Discussion and Conclusion

In HBO’s TV adaptation of the first novel in George R.R. Martin’s A Song of Ice and Fire series, King Robert says to his friend and advisor Ned Stark, “(t)here’s a war coming, Ned. I don’t know when, I don’t know who we’ll be fighting; but it’s coming.” These lines convey something about the nature of warfare: it appears to inevitably arise from some inexorable process that is difficult to predict. For at least 60 years, social scientists have tried to understand that process by identifying the correlates of warfare, motivated largely by a desire to predict and ideally prevent the process from giving rise to violence in the future (Suzuki et al., 1998). Recently, climate change has taken a central position in the literature on this topic, with many scholars declaring that climatic changes can be expected to increase the risk of violent conflict (e.g., Burke et al., 2009, 2015; Hsiang et al., 2013; Schmidt et al., 2021).

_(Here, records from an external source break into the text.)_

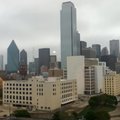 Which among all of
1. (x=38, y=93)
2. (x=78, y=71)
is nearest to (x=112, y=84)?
(x=78, y=71)

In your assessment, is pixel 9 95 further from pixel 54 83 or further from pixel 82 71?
pixel 82 71

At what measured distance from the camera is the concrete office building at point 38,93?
87.8 metres

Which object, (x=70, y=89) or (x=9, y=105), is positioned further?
(x=70, y=89)

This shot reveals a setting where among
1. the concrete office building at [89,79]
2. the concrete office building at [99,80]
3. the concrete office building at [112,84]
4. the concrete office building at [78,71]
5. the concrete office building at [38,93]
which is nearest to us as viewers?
the concrete office building at [38,93]

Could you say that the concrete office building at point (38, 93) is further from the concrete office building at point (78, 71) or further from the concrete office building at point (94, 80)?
the concrete office building at point (94, 80)

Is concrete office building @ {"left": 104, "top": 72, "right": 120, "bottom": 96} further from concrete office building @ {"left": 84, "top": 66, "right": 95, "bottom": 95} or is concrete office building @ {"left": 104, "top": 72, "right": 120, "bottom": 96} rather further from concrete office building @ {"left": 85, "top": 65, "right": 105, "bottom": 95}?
concrete office building @ {"left": 84, "top": 66, "right": 95, "bottom": 95}

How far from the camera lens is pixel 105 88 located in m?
133

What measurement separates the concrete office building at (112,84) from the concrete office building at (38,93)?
117 ft

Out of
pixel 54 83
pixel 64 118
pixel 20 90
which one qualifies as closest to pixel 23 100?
pixel 20 90

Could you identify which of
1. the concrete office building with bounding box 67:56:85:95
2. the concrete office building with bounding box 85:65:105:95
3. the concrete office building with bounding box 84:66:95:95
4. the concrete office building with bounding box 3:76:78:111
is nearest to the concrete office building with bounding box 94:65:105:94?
the concrete office building with bounding box 85:65:105:95

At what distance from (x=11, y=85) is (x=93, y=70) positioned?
46218 mm

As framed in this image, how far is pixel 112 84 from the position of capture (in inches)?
5103

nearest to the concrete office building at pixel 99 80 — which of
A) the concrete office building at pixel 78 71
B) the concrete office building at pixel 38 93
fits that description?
the concrete office building at pixel 78 71

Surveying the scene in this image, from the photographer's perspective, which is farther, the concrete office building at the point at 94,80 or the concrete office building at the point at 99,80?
the concrete office building at the point at 99,80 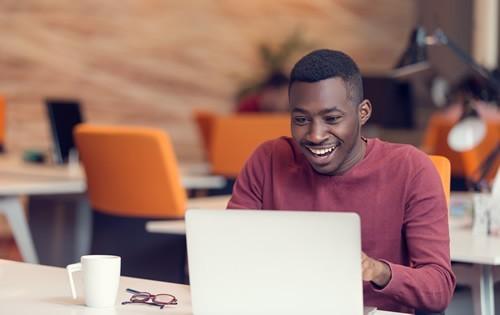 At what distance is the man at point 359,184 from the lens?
2.24 m

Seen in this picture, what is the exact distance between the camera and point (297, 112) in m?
2.27

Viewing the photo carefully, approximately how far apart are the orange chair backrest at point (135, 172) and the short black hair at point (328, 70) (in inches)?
82.4

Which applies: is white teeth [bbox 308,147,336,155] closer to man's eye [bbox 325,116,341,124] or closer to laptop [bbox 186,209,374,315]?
man's eye [bbox 325,116,341,124]

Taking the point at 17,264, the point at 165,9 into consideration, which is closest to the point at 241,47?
the point at 165,9

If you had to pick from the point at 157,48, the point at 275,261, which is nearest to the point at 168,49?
the point at 157,48

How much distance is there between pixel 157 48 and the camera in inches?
380

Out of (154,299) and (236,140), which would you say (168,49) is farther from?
(154,299)

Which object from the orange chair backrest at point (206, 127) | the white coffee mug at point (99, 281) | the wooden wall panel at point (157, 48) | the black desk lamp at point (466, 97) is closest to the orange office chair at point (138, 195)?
the black desk lamp at point (466, 97)

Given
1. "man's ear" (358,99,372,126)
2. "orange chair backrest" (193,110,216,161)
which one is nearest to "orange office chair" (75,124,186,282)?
"man's ear" (358,99,372,126)

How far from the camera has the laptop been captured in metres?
1.79

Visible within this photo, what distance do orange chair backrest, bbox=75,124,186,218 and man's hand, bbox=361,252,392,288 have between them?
226 centimetres

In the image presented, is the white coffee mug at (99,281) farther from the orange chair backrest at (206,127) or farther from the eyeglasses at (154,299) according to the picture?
the orange chair backrest at (206,127)

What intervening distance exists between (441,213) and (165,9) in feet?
24.6

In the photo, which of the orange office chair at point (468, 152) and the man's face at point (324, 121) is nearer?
the man's face at point (324, 121) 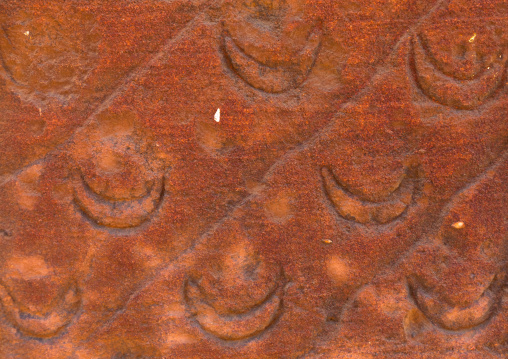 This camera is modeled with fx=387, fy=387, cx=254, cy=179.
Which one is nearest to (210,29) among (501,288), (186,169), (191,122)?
(191,122)

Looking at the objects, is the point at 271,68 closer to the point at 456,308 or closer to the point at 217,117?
the point at 217,117

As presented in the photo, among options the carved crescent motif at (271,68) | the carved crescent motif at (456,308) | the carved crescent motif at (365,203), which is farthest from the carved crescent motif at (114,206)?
the carved crescent motif at (456,308)

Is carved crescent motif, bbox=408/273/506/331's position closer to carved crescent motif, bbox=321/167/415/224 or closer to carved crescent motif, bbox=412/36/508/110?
carved crescent motif, bbox=321/167/415/224

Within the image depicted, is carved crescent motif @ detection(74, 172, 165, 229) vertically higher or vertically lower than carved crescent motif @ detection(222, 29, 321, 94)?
lower

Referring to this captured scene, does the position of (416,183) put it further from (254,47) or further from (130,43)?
(130,43)

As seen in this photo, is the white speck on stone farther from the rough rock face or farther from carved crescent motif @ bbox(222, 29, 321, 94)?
carved crescent motif @ bbox(222, 29, 321, 94)

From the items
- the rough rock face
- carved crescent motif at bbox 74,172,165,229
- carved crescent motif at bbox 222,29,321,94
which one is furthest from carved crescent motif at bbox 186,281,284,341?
carved crescent motif at bbox 222,29,321,94

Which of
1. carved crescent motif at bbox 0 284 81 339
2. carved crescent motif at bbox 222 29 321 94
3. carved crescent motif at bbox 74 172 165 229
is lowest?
carved crescent motif at bbox 0 284 81 339

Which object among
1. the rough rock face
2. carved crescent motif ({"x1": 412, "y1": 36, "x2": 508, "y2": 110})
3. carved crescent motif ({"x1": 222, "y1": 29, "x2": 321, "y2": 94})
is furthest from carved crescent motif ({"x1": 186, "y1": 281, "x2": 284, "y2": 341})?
carved crescent motif ({"x1": 412, "y1": 36, "x2": 508, "y2": 110})

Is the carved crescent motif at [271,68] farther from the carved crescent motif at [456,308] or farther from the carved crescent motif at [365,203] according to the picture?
the carved crescent motif at [456,308] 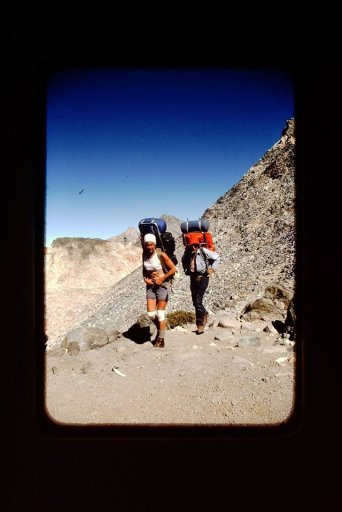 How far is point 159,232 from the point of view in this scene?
5.20 meters

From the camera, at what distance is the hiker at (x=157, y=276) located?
17.3ft

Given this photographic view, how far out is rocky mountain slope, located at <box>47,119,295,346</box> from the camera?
19.4 metres

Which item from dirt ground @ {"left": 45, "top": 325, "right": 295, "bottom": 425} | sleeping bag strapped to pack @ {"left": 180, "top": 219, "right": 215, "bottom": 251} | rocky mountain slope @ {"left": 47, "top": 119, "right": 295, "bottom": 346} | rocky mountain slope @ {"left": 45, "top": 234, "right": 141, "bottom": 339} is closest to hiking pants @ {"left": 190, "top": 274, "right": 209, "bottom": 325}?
sleeping bag strapped to pack @ {"left": 180, "top": 219, "right": 215, "bottom": 251}

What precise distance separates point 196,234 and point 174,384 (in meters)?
2.55

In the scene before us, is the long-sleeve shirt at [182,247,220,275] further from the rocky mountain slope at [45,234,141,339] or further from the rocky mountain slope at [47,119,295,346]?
the rocky mountain slope at [45,234,141,339]

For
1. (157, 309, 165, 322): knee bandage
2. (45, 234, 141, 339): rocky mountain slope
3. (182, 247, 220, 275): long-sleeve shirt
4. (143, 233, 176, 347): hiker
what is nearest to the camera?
(143, 233, 176, 347): hiker

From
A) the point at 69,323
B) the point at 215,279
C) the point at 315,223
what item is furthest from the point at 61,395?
the point at 69,323

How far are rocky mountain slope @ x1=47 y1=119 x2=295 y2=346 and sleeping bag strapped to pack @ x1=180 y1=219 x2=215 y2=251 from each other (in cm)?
517

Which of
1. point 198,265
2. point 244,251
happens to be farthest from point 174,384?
point 244,251

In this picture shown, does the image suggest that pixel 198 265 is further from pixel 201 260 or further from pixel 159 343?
pixel 159 343

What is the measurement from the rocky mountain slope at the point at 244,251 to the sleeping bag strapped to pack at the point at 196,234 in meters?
5.17

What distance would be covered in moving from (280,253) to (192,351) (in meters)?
19.0

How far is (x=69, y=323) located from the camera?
29.8 m

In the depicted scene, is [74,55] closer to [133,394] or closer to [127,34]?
[127,34] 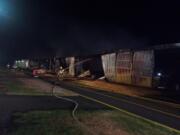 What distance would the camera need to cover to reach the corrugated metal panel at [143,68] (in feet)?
101

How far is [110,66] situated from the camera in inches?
1630

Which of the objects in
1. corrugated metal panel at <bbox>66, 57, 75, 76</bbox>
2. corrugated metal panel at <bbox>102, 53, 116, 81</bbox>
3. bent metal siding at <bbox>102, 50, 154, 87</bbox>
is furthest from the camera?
corrugated metal panel at <bbox>66, 57, 75, 76</bbox>

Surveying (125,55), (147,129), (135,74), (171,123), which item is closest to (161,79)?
(135,74)

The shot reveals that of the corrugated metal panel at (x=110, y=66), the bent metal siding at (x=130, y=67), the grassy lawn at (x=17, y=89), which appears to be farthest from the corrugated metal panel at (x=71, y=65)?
the grassy lawn at (x=17, y=89)

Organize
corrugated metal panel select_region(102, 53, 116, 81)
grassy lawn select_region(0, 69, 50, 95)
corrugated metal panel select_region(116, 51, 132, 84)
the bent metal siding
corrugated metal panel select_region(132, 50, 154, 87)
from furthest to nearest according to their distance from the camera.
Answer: corrugated metal panel select_region(102, 53, 116, 81) → corrugated metal panel select_region(116, 51, 132, 84) → the bent metal siding → corrugated metal panel select_region(132, 50, 154, 87) → grassy lawn select_region(0, 69, 50, 95)

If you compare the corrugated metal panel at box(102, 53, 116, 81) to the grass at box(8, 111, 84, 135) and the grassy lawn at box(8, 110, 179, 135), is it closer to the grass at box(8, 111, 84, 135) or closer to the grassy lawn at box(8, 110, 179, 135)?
the grassy lawn at box(8, 110, 179, 135)

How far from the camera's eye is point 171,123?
14.3m

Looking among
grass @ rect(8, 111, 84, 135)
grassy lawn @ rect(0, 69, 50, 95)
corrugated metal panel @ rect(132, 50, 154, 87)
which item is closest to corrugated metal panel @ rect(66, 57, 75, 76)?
grassy lawn @ rect(0, 69, 50, 95)

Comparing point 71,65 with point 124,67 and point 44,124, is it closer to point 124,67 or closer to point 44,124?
point 124,67

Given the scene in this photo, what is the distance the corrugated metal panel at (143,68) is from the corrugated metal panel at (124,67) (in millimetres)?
1074

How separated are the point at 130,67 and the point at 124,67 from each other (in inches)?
67.6

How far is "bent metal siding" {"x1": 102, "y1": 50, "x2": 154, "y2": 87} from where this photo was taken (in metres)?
31.3

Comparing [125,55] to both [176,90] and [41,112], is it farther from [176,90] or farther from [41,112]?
[41,112]

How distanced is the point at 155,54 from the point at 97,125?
62.0 ft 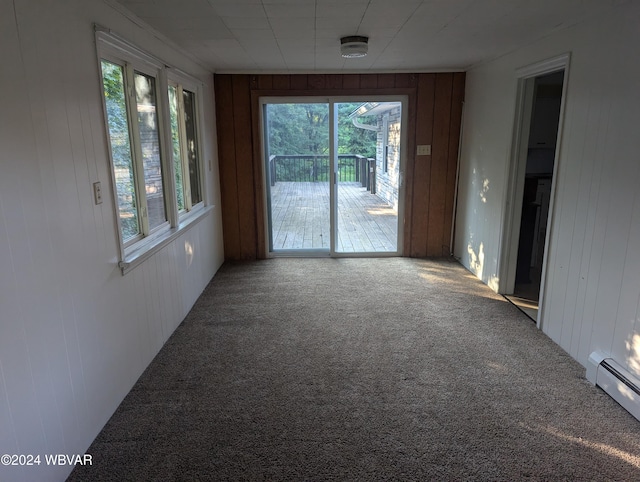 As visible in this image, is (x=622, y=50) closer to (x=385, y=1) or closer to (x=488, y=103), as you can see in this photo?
(x=385, y=1)

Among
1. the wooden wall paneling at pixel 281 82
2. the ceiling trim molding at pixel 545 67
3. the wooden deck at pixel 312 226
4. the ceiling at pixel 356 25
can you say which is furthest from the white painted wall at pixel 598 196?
the wooden deck at pixel 312 226

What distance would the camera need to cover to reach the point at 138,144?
2771 mm

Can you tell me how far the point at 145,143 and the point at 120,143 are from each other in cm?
39

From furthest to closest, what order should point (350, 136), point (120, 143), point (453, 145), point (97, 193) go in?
point (350, 136), point (453, 145), point (120, 143), point (97, 193)

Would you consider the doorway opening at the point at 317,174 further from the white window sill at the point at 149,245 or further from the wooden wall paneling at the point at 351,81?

The results of the present study are not consistent with this claim. They indicate that even extreme climate conditions (as indicated by temperature reconstructions) did not affect conflict levels in Europe during the second millennium CE. This finding is perhaps surprising. Not only were there substantial climatic fluctuations in Europe during the second millennium CE, but also for much of the time period in question European societies were substantially less technologically developed than present-day European societies and were also more reliant on local agriculture. Less complex technology and greater dependence on local resources, one would think, should have made European societies susceptible to environmental shocks, especially large ones. But that does not seem to be the case. There is no evidence that the Little Ice Age or any of the other environmental shocks that impacted Europe during the second millennium CE affected conflict levels on average.

Why did our analysis fail to identify an impact of extreme climatic events on conflict levels in Europe during the second millennium CE? There are at least six explanations that are worth considering, some of which we alluded to earlier. The first three we think can be discounted by careful reasoning. The last three, however, are harder to eliminate at present and suggest avenues for future research.

The first explanation—one we think can be discounted—involves sampling biases in the conflict record. As explained earlier, the conflict data we analysed were compiled from authoritative conflict databases. But, since no historical database is likely to be complete, it is possible that the record we analysed is missing conflict events for several reasons. Not all conflicts that actually occurred were necessarily recorded, for example, and more recent periods are likely to be better represented because of document survival biases or other period-specific differences in reporting. Spatial gaps may be present in the data as well. Some sub-regions in western Europe may have been more important to historians and chroniclers, such as regions that were economically and politically important to ruling elites. In addition, the density of surviving historical documents varies spatially within Europe, with early historical coverage concentrated around major urban centers and in the south, particularly France and Italy. Thus, we should expect the Tol and Wanger (2010) conflict record to be incomplete and biased. However, there is reason to believe that regional-scale trends in second millennium conflict levels are likely captured by the Tol and Wagner (2010) record. Most major conflicts involved Europe’s largest, most literate societies. So, the most significant conflicts were probably recorded in a sufficient number of archives that knowledge of them survived to the present. This means that trends in economically and politically important conflicts are likely reflected in the record we analysed. There is also no obvious trend(s) in the record that might indicate a persistent document survival bias (Figure 1). Moreover, geographic unevenness would not be a significant problem for our analysis. If conflict levels were substantially affected by temperature variation in general, then we would expect the conflict records of any sizable sub-region within Europe to respond in the roughly same way to region-wide temperature changes.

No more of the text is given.